======== Data for this task ========

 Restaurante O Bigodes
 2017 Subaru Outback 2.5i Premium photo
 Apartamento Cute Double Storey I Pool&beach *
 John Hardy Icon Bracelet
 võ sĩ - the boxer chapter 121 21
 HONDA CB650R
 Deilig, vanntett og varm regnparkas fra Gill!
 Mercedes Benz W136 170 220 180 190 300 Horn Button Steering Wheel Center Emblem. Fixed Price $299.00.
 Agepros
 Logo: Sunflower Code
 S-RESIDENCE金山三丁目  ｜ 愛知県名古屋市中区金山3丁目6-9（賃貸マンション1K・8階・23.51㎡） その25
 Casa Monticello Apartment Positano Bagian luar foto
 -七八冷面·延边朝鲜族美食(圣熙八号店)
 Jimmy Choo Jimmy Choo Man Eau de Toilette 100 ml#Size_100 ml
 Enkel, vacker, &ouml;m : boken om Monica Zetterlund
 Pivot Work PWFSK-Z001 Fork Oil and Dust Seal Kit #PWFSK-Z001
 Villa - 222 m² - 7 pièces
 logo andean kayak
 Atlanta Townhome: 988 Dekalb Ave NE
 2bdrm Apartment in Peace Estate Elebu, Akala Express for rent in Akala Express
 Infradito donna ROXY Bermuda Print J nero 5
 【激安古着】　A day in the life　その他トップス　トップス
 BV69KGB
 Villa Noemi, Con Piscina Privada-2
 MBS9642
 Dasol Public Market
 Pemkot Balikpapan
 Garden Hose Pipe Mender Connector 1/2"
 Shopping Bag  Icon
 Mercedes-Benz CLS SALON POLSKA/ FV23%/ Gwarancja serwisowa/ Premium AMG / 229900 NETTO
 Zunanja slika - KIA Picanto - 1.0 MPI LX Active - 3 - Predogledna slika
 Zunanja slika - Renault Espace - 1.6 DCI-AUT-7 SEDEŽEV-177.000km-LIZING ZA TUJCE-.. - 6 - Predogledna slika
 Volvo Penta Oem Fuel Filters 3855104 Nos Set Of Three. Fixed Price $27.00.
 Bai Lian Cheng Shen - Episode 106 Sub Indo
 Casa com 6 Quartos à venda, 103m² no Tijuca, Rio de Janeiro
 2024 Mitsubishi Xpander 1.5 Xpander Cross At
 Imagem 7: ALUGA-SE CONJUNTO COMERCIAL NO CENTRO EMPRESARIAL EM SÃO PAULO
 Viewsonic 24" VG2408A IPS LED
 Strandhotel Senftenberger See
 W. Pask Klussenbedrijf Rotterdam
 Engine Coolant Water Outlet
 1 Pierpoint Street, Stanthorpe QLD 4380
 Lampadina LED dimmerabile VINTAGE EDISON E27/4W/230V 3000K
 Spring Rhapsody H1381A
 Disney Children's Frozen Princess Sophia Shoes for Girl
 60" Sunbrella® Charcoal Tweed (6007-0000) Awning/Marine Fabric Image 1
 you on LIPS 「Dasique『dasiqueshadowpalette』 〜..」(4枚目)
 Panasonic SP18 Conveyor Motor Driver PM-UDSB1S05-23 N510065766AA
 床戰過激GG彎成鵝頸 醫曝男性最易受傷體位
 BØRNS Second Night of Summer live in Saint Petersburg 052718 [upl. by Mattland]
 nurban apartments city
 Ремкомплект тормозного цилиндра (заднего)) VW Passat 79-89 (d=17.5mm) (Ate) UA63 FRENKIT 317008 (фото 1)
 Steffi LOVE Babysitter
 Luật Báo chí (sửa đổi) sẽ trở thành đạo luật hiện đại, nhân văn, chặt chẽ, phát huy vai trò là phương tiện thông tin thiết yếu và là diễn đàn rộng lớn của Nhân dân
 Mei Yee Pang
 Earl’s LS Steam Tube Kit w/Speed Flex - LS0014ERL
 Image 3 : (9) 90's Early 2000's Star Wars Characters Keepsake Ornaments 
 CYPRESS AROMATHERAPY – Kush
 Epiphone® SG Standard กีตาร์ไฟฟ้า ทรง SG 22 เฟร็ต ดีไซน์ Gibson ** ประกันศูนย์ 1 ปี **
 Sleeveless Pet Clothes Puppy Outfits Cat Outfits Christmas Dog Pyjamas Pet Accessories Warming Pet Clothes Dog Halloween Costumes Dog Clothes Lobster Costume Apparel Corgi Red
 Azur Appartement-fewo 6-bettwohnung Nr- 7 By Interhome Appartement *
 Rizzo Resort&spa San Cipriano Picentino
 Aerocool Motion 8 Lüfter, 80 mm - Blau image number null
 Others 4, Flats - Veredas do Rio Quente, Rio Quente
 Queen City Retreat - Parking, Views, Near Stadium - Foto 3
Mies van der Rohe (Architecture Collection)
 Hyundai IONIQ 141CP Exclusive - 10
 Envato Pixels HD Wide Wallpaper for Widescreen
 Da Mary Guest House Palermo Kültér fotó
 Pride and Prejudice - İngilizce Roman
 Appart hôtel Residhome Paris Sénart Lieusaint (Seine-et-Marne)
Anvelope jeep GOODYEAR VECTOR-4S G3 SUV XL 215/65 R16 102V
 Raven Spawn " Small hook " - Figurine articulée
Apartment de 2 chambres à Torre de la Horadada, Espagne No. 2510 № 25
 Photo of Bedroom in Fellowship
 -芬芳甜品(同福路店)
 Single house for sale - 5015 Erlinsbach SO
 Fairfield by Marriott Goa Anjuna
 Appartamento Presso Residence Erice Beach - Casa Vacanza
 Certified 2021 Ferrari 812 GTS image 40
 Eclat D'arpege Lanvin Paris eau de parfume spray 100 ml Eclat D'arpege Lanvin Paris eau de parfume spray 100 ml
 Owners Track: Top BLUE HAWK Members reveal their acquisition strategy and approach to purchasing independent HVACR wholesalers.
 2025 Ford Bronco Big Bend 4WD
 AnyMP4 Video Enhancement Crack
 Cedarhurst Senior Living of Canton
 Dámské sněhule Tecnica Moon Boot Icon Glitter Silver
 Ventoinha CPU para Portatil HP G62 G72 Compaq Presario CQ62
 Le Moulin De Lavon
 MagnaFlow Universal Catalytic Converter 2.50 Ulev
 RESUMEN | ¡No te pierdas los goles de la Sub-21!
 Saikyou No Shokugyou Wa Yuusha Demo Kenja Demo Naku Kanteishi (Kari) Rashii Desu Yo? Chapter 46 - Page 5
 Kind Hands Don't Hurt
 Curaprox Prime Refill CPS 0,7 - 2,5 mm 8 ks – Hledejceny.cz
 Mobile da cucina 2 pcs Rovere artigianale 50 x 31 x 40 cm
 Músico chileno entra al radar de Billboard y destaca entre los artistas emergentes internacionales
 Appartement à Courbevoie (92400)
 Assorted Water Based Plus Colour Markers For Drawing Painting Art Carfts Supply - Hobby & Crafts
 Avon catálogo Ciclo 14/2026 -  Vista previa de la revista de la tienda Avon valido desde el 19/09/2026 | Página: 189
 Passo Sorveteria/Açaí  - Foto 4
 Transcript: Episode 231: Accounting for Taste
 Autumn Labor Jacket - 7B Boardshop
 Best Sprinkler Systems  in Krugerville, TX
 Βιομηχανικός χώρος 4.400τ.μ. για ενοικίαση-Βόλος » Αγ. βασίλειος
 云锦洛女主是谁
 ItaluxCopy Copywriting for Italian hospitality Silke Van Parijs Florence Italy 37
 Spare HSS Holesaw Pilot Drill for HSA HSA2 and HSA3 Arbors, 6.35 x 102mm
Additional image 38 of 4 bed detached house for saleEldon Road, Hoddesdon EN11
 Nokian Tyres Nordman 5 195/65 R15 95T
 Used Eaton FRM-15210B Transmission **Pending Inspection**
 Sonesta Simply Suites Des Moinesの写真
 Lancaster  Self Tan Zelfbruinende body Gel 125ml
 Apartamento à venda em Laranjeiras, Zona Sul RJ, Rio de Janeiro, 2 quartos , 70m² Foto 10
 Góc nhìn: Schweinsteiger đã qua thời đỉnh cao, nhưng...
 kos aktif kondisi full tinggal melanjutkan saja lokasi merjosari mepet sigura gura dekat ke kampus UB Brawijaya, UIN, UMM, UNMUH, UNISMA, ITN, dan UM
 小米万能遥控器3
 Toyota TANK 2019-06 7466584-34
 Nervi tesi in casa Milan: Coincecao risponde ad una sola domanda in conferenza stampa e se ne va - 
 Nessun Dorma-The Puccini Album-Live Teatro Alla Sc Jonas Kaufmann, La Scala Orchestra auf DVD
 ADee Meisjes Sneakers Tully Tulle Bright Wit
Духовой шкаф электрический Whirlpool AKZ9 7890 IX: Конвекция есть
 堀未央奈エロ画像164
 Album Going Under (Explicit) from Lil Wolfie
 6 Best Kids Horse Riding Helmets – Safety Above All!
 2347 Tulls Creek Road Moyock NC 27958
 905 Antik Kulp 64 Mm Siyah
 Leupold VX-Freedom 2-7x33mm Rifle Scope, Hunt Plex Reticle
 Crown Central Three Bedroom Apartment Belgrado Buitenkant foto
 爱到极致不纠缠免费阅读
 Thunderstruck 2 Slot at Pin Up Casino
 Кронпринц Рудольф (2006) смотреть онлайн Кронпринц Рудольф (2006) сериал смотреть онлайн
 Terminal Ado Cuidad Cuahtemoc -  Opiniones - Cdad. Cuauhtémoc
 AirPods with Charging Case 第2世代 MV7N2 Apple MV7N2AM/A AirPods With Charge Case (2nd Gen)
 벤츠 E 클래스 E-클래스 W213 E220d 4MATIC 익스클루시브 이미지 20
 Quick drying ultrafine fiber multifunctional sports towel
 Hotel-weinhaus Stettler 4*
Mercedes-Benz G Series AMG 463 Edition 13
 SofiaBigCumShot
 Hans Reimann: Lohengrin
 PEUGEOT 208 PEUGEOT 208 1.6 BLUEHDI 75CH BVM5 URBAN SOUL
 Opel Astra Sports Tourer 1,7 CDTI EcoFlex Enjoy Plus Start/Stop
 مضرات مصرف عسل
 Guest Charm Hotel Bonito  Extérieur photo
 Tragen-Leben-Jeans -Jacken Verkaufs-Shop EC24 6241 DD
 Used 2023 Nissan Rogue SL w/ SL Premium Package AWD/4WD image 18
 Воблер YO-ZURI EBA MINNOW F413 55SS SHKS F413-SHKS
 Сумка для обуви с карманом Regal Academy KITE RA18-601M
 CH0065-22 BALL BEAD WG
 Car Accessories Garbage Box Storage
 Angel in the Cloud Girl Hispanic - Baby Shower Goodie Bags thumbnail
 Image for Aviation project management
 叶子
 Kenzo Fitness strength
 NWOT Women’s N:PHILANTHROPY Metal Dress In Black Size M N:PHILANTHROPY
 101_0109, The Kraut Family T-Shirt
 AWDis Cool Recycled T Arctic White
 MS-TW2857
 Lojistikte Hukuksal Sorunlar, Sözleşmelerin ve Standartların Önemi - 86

========

### Assignment
Look above for the line holding "Jimmy Choo Jimmy" and the line holding "Volvo Penta Oem". Retype both, and every line between them, word for word and nothing else.

### Solution to this problem
 Jimmy Choo Jimmy Choo Man Eau de Toilette 100 ml#Size_100 ml
 Enkel, vacker, &ouml;m : boken om Monica Zetterlund
 Pivot Work PWFSK-Z001 Fork Oil and Dust Seal Kit #PWFSK-Z001
 Villa - 222 m² - 7 pièces
 logo andean kayak
 Atlanta Townhome: 988 Dekalb Ave NE
 2bdrm Apartment in Peace Estate Elebu, Akala Express for rent in Akala Express
 Infradito donna ROXY Bermuda Print J nero 5
 【激安古着】　A day in the life　その他トップス　トップス
 BV69KGB
 Villa Noemi, Con Piscina Privada-2
 MBS9642
 Dasol Public Market
 Pemkot Balikpapan
 Garden Hose Pipe Mender Connector 1/2"
 Shopping Bag  Icon
 Mercedes-Benz CLS SALON POLSKA/ FV23%/ Gwarancja serwisowa/ Premium AMG / 229900 NETTO
 Zunanja slika - KIA Picanto - 1.0 MPI LX Active - 3 - Predogledna slika
 Zunanja slika - Renault Espace - 1.6 DCI-AUT-7 SEDEŽEV-177.000km-LIZING ZA TUJCE-.. - 6 - Predogledna slika
 Volvo Penta Oem Fuel Filters 3855104 Nos Set Of Three. Fixed Price $27.00.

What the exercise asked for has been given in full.